Congress’s requisition of September 27, 1785, to pay one year’s interest on its foreign and domestic debts precipitated the crisis.31 Of the two, the foreign debt posed the more urgent problem. Under the supplemental Franco-American Treaty signed in 1782, the United States had agreed to begin repaying the principal of a Dutch loan guaranteed by the French at the end of 1787 and to begin repaying the interest and principal of the French loan at the end of 1788.32 Since 1783 the nation’s foreign credit had depended on advances made by Dutch bankers, who might also help in refinancing the entire foreign debt.
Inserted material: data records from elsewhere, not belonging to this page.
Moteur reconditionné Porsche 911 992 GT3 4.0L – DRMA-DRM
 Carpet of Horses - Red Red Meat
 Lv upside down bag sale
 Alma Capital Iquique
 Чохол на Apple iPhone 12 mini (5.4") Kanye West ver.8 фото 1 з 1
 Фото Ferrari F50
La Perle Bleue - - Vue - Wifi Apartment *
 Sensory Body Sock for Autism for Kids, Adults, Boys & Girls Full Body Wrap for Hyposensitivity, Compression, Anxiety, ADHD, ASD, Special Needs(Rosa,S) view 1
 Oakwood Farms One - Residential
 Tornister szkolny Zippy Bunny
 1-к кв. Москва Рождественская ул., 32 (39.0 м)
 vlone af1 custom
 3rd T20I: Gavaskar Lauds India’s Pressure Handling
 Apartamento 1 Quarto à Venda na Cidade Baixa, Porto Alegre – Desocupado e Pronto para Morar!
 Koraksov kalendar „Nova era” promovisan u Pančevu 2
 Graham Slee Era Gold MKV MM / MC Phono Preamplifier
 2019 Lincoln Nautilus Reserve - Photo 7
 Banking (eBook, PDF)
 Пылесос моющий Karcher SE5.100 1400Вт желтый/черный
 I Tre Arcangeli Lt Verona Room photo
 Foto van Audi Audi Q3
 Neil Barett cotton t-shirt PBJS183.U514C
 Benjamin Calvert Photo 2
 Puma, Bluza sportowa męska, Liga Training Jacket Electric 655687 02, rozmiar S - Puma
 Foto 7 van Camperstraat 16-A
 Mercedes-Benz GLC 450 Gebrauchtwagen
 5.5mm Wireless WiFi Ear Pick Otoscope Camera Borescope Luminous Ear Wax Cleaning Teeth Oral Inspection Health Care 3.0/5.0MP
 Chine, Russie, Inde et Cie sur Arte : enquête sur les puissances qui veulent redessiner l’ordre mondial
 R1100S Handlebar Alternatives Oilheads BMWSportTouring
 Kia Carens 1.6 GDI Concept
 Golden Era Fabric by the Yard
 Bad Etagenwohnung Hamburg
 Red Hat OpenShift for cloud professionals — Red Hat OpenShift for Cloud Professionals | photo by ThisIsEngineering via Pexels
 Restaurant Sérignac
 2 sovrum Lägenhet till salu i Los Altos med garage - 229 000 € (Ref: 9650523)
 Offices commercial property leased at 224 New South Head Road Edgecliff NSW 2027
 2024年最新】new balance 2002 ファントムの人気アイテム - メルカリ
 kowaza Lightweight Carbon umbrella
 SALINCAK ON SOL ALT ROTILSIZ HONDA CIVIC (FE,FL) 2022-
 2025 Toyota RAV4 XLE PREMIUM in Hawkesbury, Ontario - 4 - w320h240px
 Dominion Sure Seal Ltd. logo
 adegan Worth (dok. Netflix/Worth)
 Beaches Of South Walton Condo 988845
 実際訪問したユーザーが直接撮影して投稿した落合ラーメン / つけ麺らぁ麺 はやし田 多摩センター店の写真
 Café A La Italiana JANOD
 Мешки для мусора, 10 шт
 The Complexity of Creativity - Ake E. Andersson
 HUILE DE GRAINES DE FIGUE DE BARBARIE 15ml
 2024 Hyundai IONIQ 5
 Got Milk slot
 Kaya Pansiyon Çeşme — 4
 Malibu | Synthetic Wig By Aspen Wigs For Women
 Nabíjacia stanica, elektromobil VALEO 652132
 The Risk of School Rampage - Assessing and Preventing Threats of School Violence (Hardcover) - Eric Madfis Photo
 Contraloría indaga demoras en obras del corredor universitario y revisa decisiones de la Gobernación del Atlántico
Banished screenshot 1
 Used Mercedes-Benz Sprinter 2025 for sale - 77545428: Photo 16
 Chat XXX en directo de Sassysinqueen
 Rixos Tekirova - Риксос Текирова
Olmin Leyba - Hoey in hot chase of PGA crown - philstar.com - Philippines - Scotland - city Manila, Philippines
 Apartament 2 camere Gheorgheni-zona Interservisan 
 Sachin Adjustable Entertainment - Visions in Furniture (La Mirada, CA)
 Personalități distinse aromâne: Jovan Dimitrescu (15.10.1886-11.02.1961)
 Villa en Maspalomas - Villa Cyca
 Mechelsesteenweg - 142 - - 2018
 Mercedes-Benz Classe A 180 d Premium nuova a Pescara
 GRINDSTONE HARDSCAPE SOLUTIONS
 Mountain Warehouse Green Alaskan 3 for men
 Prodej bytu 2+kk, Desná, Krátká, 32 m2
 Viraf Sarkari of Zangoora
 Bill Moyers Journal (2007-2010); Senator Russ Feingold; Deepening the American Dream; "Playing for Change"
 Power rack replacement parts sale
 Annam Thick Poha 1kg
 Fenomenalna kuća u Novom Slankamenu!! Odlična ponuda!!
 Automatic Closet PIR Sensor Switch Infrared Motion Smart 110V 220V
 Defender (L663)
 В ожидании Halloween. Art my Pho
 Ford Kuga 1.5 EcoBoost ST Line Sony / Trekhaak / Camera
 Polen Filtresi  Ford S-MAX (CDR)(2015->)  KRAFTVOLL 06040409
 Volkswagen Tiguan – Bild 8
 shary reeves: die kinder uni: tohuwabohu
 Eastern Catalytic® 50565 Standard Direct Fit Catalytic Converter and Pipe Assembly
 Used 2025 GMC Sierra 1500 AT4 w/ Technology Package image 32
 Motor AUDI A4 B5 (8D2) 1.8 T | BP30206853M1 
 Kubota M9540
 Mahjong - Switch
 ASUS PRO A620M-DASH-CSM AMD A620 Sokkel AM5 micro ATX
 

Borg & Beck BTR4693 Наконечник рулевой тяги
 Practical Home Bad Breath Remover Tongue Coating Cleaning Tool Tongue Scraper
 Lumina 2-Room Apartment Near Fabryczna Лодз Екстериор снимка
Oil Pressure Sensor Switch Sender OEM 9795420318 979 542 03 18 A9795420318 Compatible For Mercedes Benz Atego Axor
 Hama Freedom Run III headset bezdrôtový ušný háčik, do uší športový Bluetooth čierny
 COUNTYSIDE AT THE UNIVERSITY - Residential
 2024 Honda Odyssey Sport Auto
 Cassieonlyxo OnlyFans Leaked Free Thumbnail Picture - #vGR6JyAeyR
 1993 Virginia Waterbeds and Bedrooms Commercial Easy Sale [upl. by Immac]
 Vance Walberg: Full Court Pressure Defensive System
But Congress had reason to fear that the good offices of the Dutch would soon cease if the nation failed to make some headway in raising specie to meet its first formally scheduled payments.33 The legislature computed that Massachusetts’s share of the amount due on the foreign debt, together with interest on the federal domestic debt, came to £145,655, only one-third of which had to be raised in specie.34 Complying with the requisition, however, far from enriching the public creditors of the state, posed a serious dilemma for them.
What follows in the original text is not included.